Becoming increasingly apparent is that the world of IT is dramatically, perhaps fundamentally changing, with end-user computing experiences also being affected. And apps are leading the charge.
Arthur Dell, director of technology and service at Citrix explained that for a generation or more, IT has thought about end-user computing in terms of a Microsoft Windows desktop. He noted that if you ask people what really matters to them now, you’ll hear them talk about the applications they rely on to get their work done.
“As the types of apps in the enterprise continue to diversify– Windows, web, mobile, and Software as a Service (SaaS), along with the devices people use for work, the desktop no longer singularly defines user experience.

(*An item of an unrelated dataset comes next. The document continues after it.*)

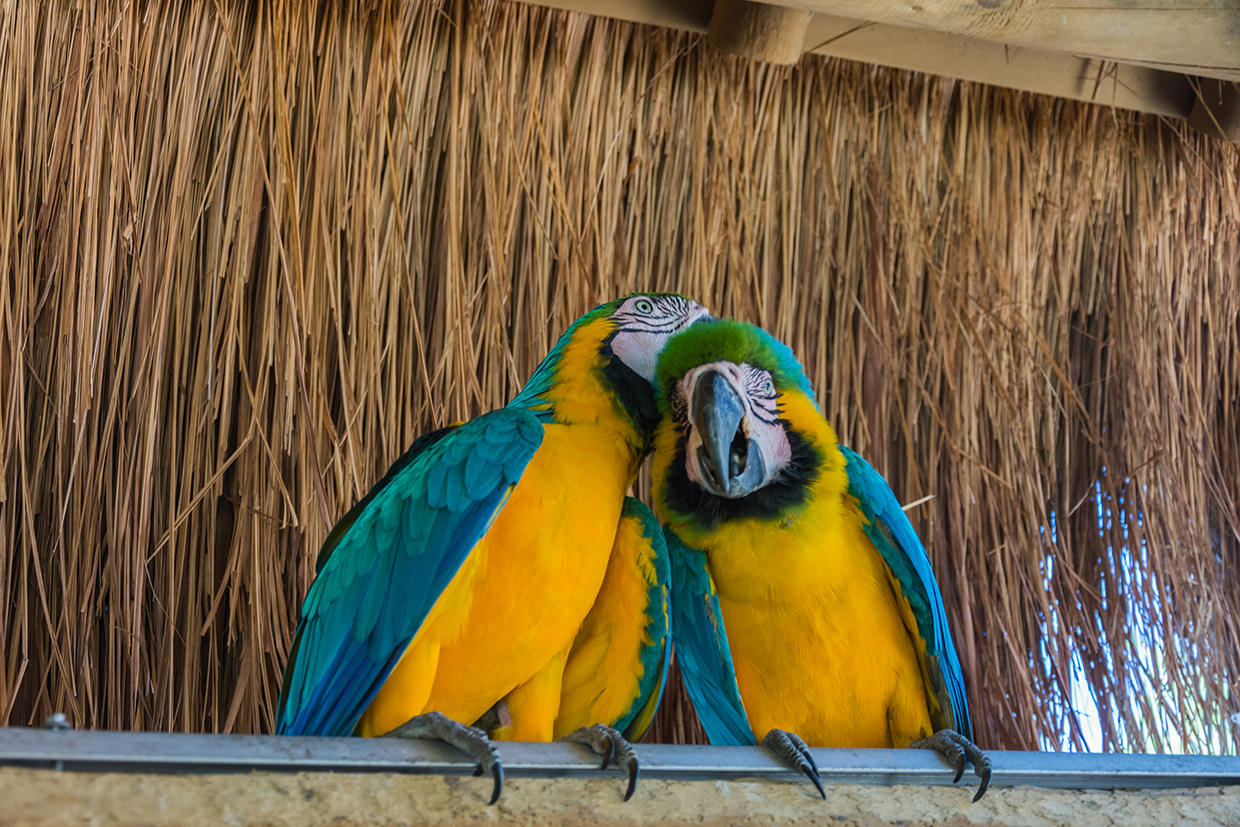 Vibrant macaws in their daily routine.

For IT, the challenge now is to deliver the apps people need, where they need them, while maintaining security and control, regardless of app type, device or location,” he stressed.
Dell asserted that while Windows will continue to be the dominant platform, focusing too narrowly on the traditional desktop paradigm risks overlooking a fundamental change in the way people are using apps.

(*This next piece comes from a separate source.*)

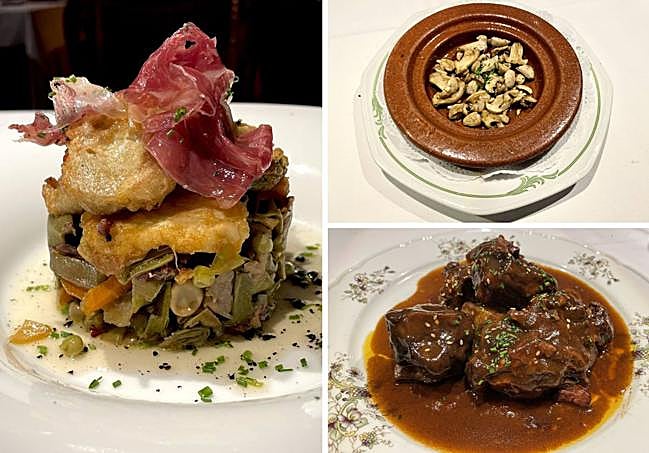 Menestra de verduras, perretxikos y rabo guisado al vino tinto.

According to a recent Citrix survey, conducted from 733 customers across the globe, 64% of the apps in their enterprises today are Windows-based; 20% are web or HTML5; 10% as SaaS; while only 6% were found to be mobile. This though is expected to change within the year. The share of Windows apps are predicted to drop 54% while Web/ HMTL5 apps and SaaS will rise to 23% and 14%. Mobile apps are then expected to grow by 3% up to 9%.
Furthermore, it seems as though digital natives are the driving force behind this shift. Dell elaborated that for these users, a desktop is one kind of workspace. Moreover, he stressed that increasingly, the new way of working is characterised by “a mobile workspace that securely delivers apps, desktops, files and services to the user on any device from which they choose to work, and over any network.” Dell noted that in a multi-device mobile world, businesses need to be able to securely deliver apps of all kinds across a variety of devices.
Enterprise-ready, but consumer-like
Not to be underestimated is the role mobility still plays as one of the main drivers of IT, particularly as users bring consumer- grade apps into the enterprise to compensate for the lack of IT-issued, enterprise-ready mobile apps. Dell pointed out that while native mobile email clients and web browsers; file sharing services like Dropbox; and mobile calendaring apps, all serve important user needs, they also invite security breaches and complicate life for IT. He stressed that whether through in-house development or a third-party vendor, IT needs to provide sanctioned, enterprise-ready alternatives to consumer-grade mobile apps.
To succeed, these apps have to pass the toughest test of all: user acceptance. This can be achieved by providing business-oriented features beyond the scope of a consumer app or service, such as the ability to add an attachment to a meeting invitation or join a meeting right from the calendar request. Equally important, though, the app has to offer the consumer-like experiences people are familiar with, and not require them to adapt to a different look-and-feel from the iOS or Android apps they’ve been using, Dell concluded.